Below are my reply to them.

(1) For Lorrie:

Thanks Lorrie for the additional information. Yes, $100 a barrel might be "expensive" for some people, especially the car owners. But other people who have never driven a car all their lives, they have been riding horses or bicycles only (like the millions of Chinese and Indians), now own a car, so what if the price of oil is $130 a barrel or more? The freedom of moving anywhere one wants to, along with his family and/or friends, can be priceless. Besides, they don't intend to use their car everyday, they can take the public transpo or their bicycles for their weekdays use. But on weekends or holidays or on special occasions, they need their car to tour their family, relatives or friends.

So it's not so much the price of oil as a result of supply-demand dynamics that's the issue. It's the hypocrisy of oil taxes, because the government that says it wants to help the price of oil "affordable" to the people, is the same institution that makes the commodity more expensive.

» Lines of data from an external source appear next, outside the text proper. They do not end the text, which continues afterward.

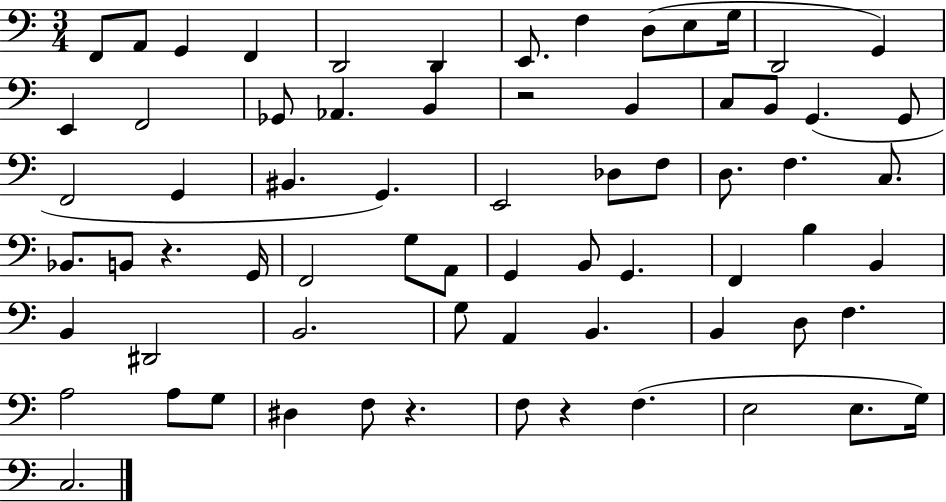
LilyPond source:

{
  \clef bass
  \numericTimeSignature
  \time 3/4
  \key c \major
  \repeat volta 2 { f,8 a,8 g,4 f,4 | d,2 d,4 | e,8. f4 d8( e8 g16 | d,2 g,4) | \break e,4 f,2 | ges,8 aes,4. b,4 | r2 b,4 | c8 b,8 g,4.( g,8 | \break f,2 g,4 | bis,4. g,4.) | e,2 des8 f8 | d8. f4. c8. | \break bes,8. b,8 r4. g,16 | f,2 g8 a,8 | g,4 b,8 g,4. | f,4 b4 b,4 | \break b,4 dis,2 | b,2. | g8 a,4 b,4. | b,4 d8 f4. | \break a2 a8 g8 | dis4 f8 r4. | f8 r4 f4.( | e2 e8. g16) | \break c2. | } \bar "|."
} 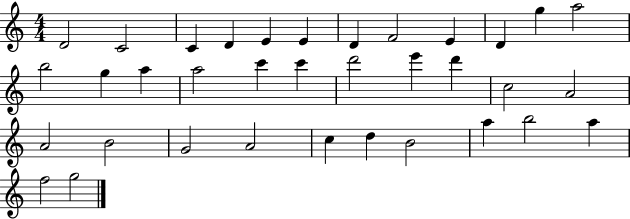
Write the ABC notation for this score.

X:1
T:Untitled
M:4/4
L:1/4
K:C
D2 C2 C D E E D F2 E D g a2 b2 g a a2 c' c' d'2 e' d' c2 A2 A2 B2 G2 A2 c d B2 a b2 a f2 g2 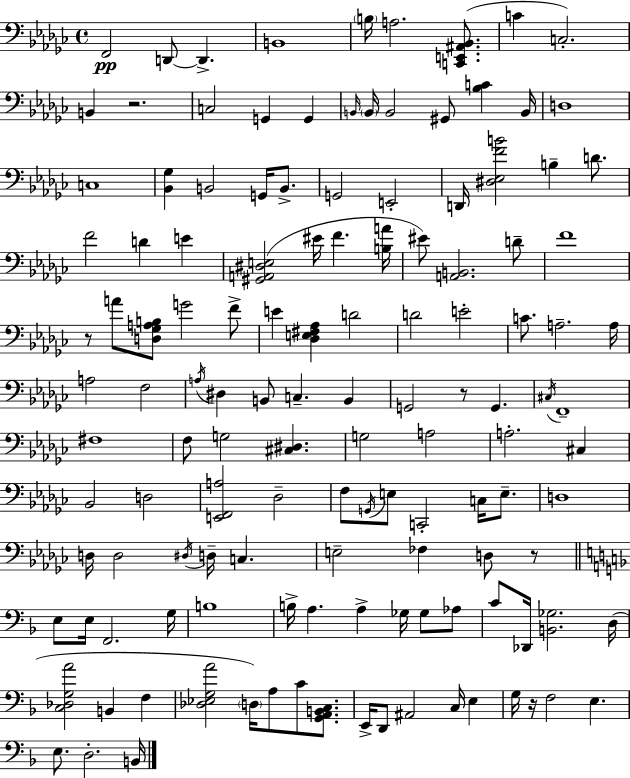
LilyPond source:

{
  \clef bass
  \time 4/4
  \defaultTimeSignature
  \key ees \minor
  f,2\pp d,8~~ d,4.-> | b,1 | \parenthesize b16 a2. <c, e, ais, bes,>8.( | c'4 c2.-.) | \break b,4 r2. | c2 g,4 g,4 | \grace { b,16 } \parenthesize b,16 b,2 gis,8 <bes c'>4 | b,16 d1 | \break c1 | <bes, ges>4 b,2 g,16 b,8.-> | g,2 e,2-. | d,16 <dis ees f' b'>2 b4-- d'8. | \break f'2 d'4 e'4 | <gis, a, dis e>2( eis'16 f'4. | <b a'>16 eis'8) <a, b,>2. d'8-- | f'1 | \break r8 a'8 <d ges a b>8 g'2 f'8-> | e'4 <des e fis aes>4 d'2 | d'2 e'2-. | c'8. a2.-- | \break a16 a2 f2 | \acciaccatura { a16 } dis4 b,8 c4.-- b,4 | g,2 r8 g,4. | \acciaccatura { cis16 } f,1-- | \break fis1 | f8 g2 <cis dis>4. | g2 a2 | a2.-. cis4 | \break bes,2 d2 | <e, f, a>2 des2-- | f8 \acciaccatura { g,16 } e8 c,2-. | c16 e8.-- d1 | \break d16 d2 \acciaccatura { dis16 } d16-- c4. | e2-- fes4 | d8 r8 \bar "||" \break \key f \major e8 e16 f,2. g16 | b1 | b16-> a4. a4-> ges16 ges8 aes8 | c'8 des,16 <b, ges>2. d16( | \break <c des g a'>2 b,4 f4 | <des ees g a'>2 \parenthesize d16) a8 c'8 <g, a, b, c>8. | e,16-> d,8 ais,2 c16 e4 | g16 r16 f2 e4. | \break e8. d2.-. b,16 | \bar "|."
} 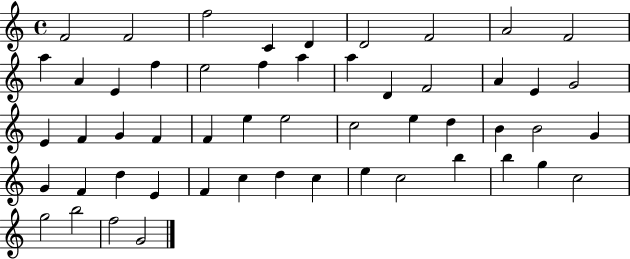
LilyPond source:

{
  \clef treble
  \time 4/4
  \defaultTimeSignature
  \key c \major
  f'2 f'2 | f''2 c'4 d'4 | d'2 f'2 | a'2 f'2 | \break a''4 a'4 e'4 f''4 | e''2 f''4 a''4 | a''4 d'4 f'2 | a'4 e'4 g'2 | \break e'4 f'4 g'4 f'4 | f'4 e''4 e''2 | c''2 e''4 d''4 | b'4 b'2 g'4 | \break g'4 f'4 d''4 e'4 | f'4 c''4 d''4 c''4 | e''4 c''2 b''4 | b''4 g''4 c''2 | \break g''2 b''2 | f''2 g'2 | \bar "|."
} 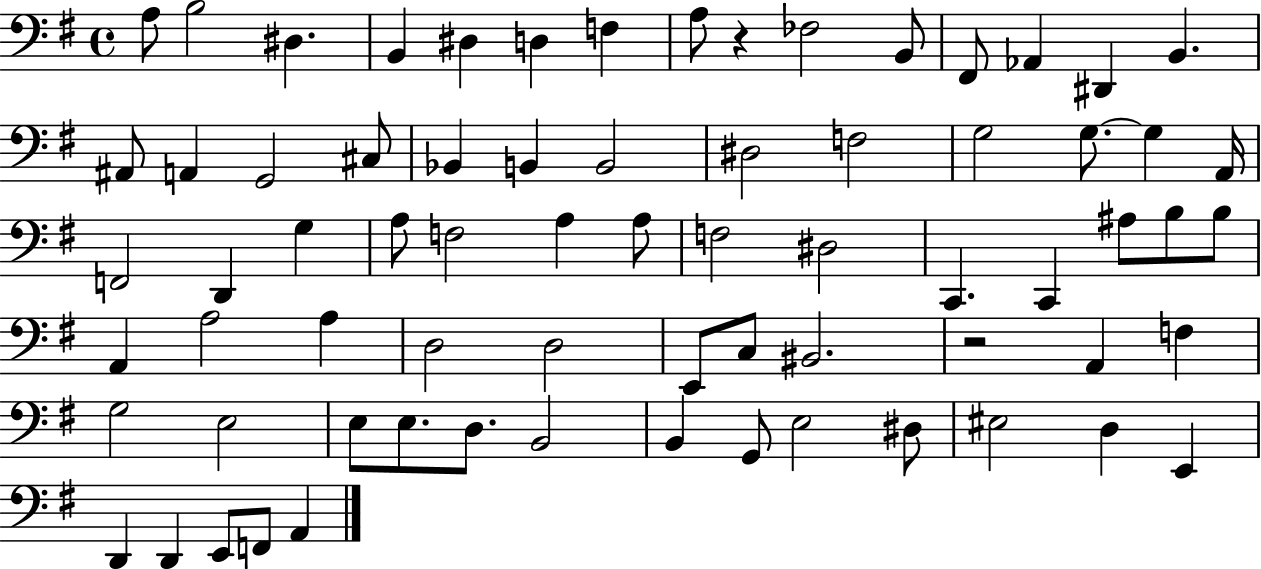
A3/e B3/h D#3/q. B2/q D#3/q D3/q F3/q A3/e R/q FES3/h B2/e F#2/e Ab2/q D#2/q B2/q. A#2/e A2/q G2/h C#3/e Bb2/q B2/q B2/h D#3/h F3/h G3/h G3/e. G3/q A2/s F2/h D2/q G3/q A3/e F3/h A3/q A3/e F3/h D#3/h C2/q. C2/q A#3/e B3/e B3/e A2/q A3/h A3/q D3/h D3/h E2/e C3/e BIS2/h. R/h A2/q F3/q G3/h E3/h E3/e E3/e. D3/e. B2/h B2/q G2/e E3/h D#3/e EIS3/h D3/q E2/q D2/q D2/q E2/e F2/e A2/q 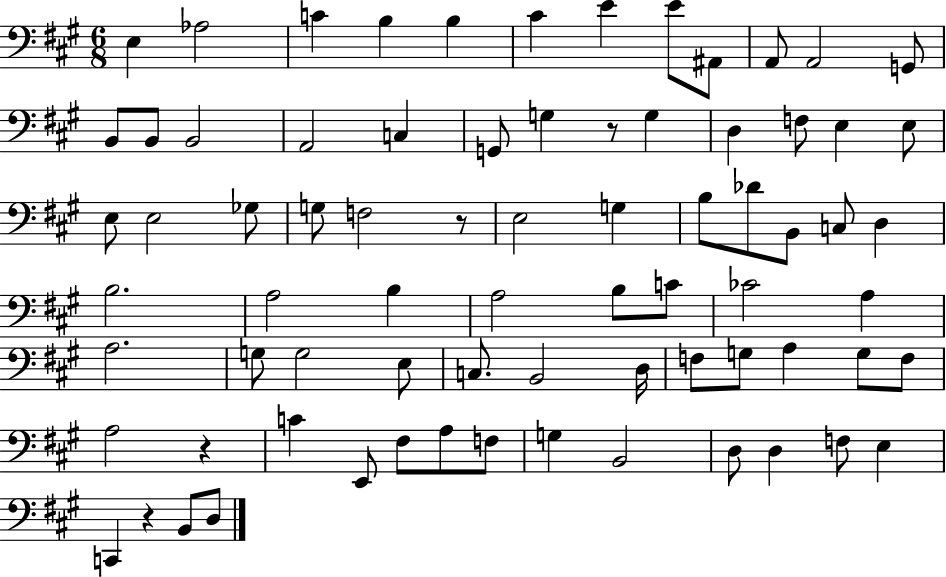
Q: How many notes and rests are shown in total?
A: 75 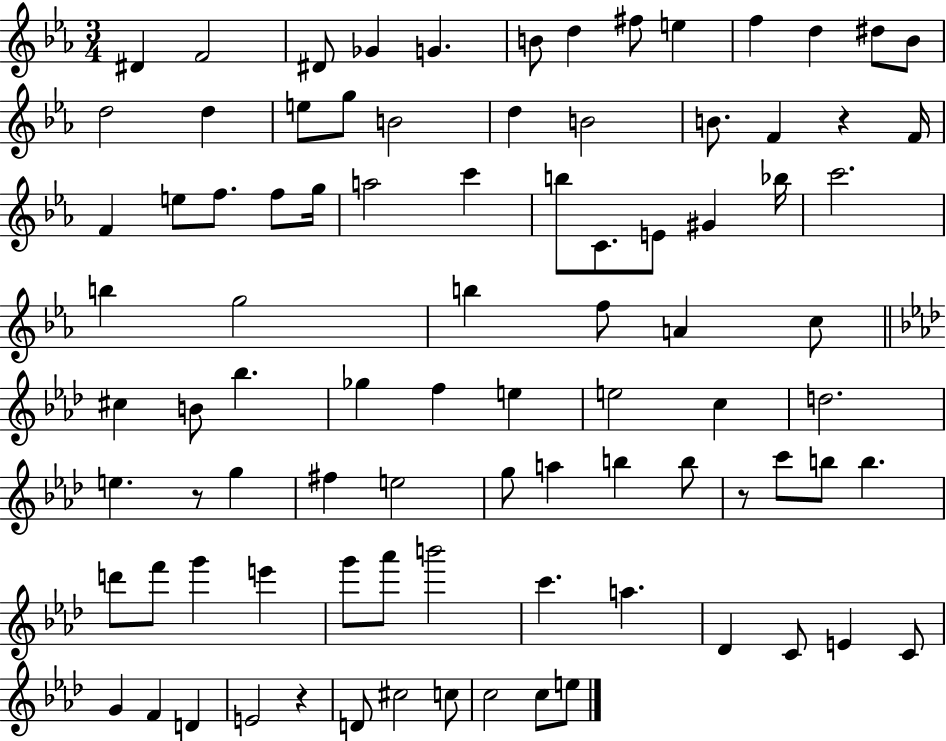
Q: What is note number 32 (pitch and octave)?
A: C4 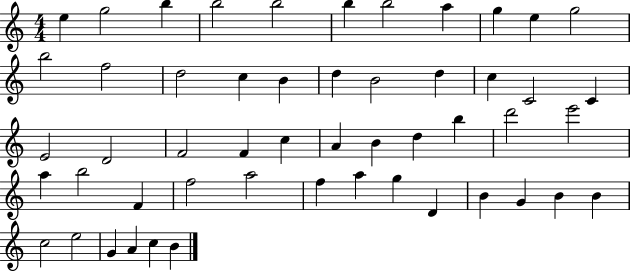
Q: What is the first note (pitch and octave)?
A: E5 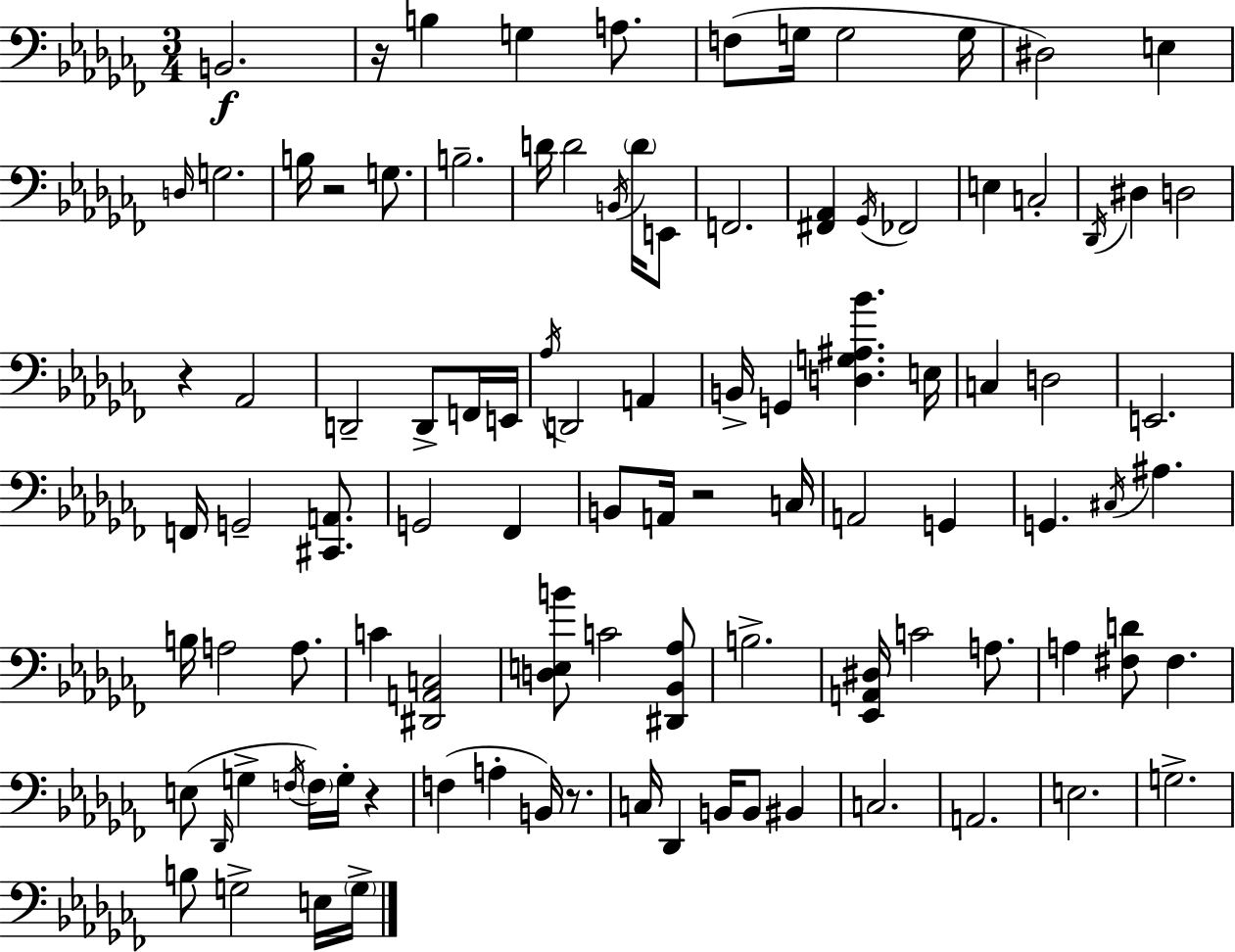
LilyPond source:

{
  \clef bass
  \numericTimeSignature
  \time 3/4
  \key aes \minor
  b,2.\f | r16 b4 g4 a8. | f8( g16 g2 g16 | dis2) e4 | \break \grace { d16 } g2. | b16 r2 g8. | b2.-- | d'16 d'2 \acciaccatura { b,16 } \parenthesize d'16 | \break e,8 f,2. | <fis, aes,>4 \acciaccatura { ges,16 } fes,2 | e4 c2-. | \acciaccatura { des,16 } dis4 d2 | \break r4 aes,2 | d,2-- | d,8-> f,16 e,16 \acciaccatura { aes16 } d,2 | a,4 b,16-> g,4 <d g ais bes'>4. | \break e16 c4 d2 | e,2. | f,16 g,2-- | <cis, a,>8. g,2 | \break fes,4 b,8 a,16 r2 | c16 a,2 | g,4 g,4. \acciaccatura { cis16 } | ais4. b16 a2 | \break a8. c'4 <dis, a, c>2 | <d e b'>8 c'2 | <dis, bes, aes>8 b2.-> | <ees, a, dis>16 c'2 | \break a8. a4 <fis d'>8 | fis4. e8( \grace { des,16 } g4-> | \acciaccatura { f16 }) \parenthesize f16 g16-. r4 f4( | a4-. b,16) r8. c16 des,4 | \break b,16 b,8 bis,4 c2. | a,2. | e2. | g2.-> | \break b8 g2-> | e16 \parenthesize g16-> \bar "|."
} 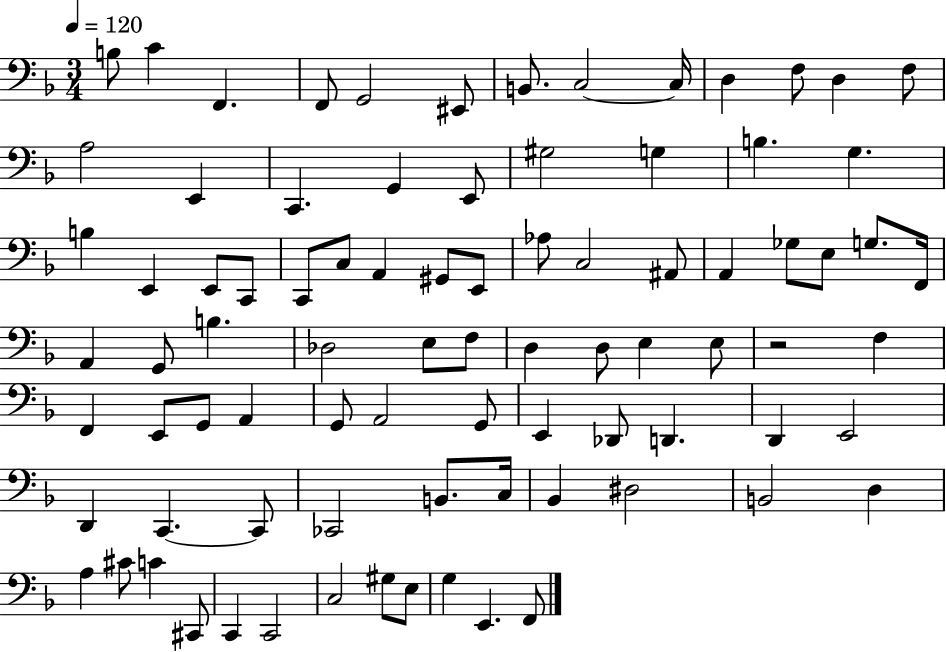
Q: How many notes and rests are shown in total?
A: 85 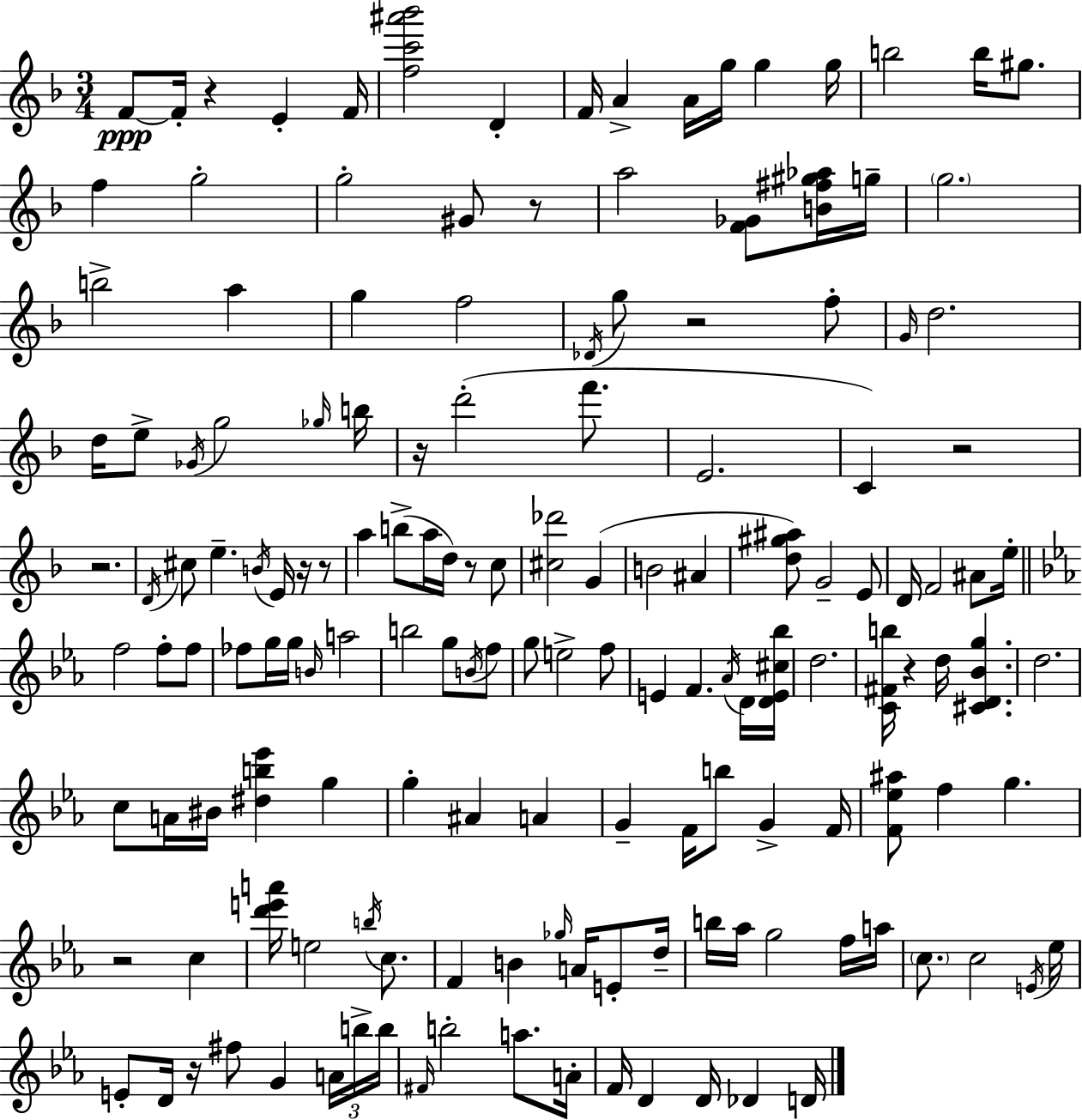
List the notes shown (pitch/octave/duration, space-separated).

F4/e F4/s R/q E4/q F4/s [F5,C6,A#6,Bb6]/h D4/q F4/s A4/q A4/s G5/s G5/q G5/s B5/h B5/s G#5/e. F5/q G5/h G5/h G#4/e R/e A5/h [F4,Gb4]/e [B4,F#5,G#5,Ab5]/s G5/s G5/h. B5/h A5/q G5/q F5/h Db4/s G5/e R/h F5/e G4/s D5/h. D5/s E5/e Gb4/s G5/h Gb5/s B5/s R/s D6/h F6/e. E4/h. C4/q R/h R/h. D4/s C#5/e E5/q. B4/s E4/s R/s R/e A5/q B5/e A5/s D5/s R/e C5/e [C#5,Db6]/h G4/q B4/h A#4/q [D5,G#5,A#5]/e G4/h E4/e D4/s F4/h A#4/e E5/s F5/h F5/e F5/e FES5/e G5/s G5/s B4/s A5/h B5/h G5/e B4/s F5/e G5/e E5/h F5/e E4/q F4/q. Ab4/s D4/s [D4,E4,C#5,Bb5]/s D5/h. [C4,F#4,B5]/s R/q D5/s [C#4,D4,Bb4,G5]/q. D5/h. C5/e A4/s BIS4/s [D#5,B5,Eb6]/q G5/q G5/q A#4/q A4/q G4/q F4/s B5/e G4/q F4/s [F4,Eb5,A#5]/e F5/q G5/q. R/h C5/q [D6,E6,A6]/s E5/h B5/s C5/e. F4/q B4/q Gb5/s A4/s E4/e D5/s B5/s Ab5/s G5/h F5/s A5/s C5/e. C5/h E4/s Eb5/s E4/e D4/s R/s F#5/e G4/q A4/s B5/s B5/s F#4/s B5/h A5/e. A4/s F4/s D4/q D4/s Db4/q D4/s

As I have argued in my paper, a 12% VAT on oil and leaving import tax and excise tax at zero should be fair to both the state and the Filipino consumers. But listen to what government officials will say -- they will not forego collections from import tax and excise tax, because they need the money to "help the people". So you can see the hypocrisy.

(2) To Ron:

Substitution is always a possibility under a free market environment. For instance, I contract a consulting work with A Consulting, Inc., I'm not happy with the outcome, so I go to (substitute you with) B Consulting, Inc., simple. Problem is no matter what substitute you make -- green substitute, brown substitute, black or pink substitute, if the mentality in government is "tax and tax and tax", the price of whatever substitute to petroleum or other "non-green" commodities will still go up much higher than the equilibrium price of that commodity if plain supply-demand dynamics was left alone.

(3) To Wyn:

My point in advocating the drastic cut, if not abolition, of import tax and excise tax on petroleum products, while retaining the value-added tax on the same, is because Malacanang, the DOE, DSWD, Congress, and every bleeding heart policy-makers and NGOs in this country say they care for the people who complain of high oil prices. So they think of various measures to "cushion" the impact of high world oil prices. In short, everyone in the above-mentioned category think of the price of oil, and not so much about oil depletion (or "peak oil") in the long-term.

So, if high oil prices is the main problem, as those guys have defined it, then one solution to bring down oil prices is those tax cuts on oil products. They can retain the excise tax on beer, wine, gin and brandy, cigarettes and tobacco, fine, but they should cut the excise tax on oil products.

I have anticipated earlier that some guys who trumpet too much about global warming and energy conservation would come forward and say that one solution to reduce global warming (and oil conservation) is the retention, if not the doubling, of current oil taxes. And I don't like that scenario. If governments want to encourage substitutes to petroleum products, those "green" energy, they don't have to trumpet cute slogans. They just abolish (or at least drastically reduce) all direct taxes and regulations to companies that develop wind energy, solar energy, nat-gas, geothermal, hydro, other "renewable" energy sources. But have we heard any government in the world brave enough to do this? So far, it's 100-100, or 587-587, nada, nothing.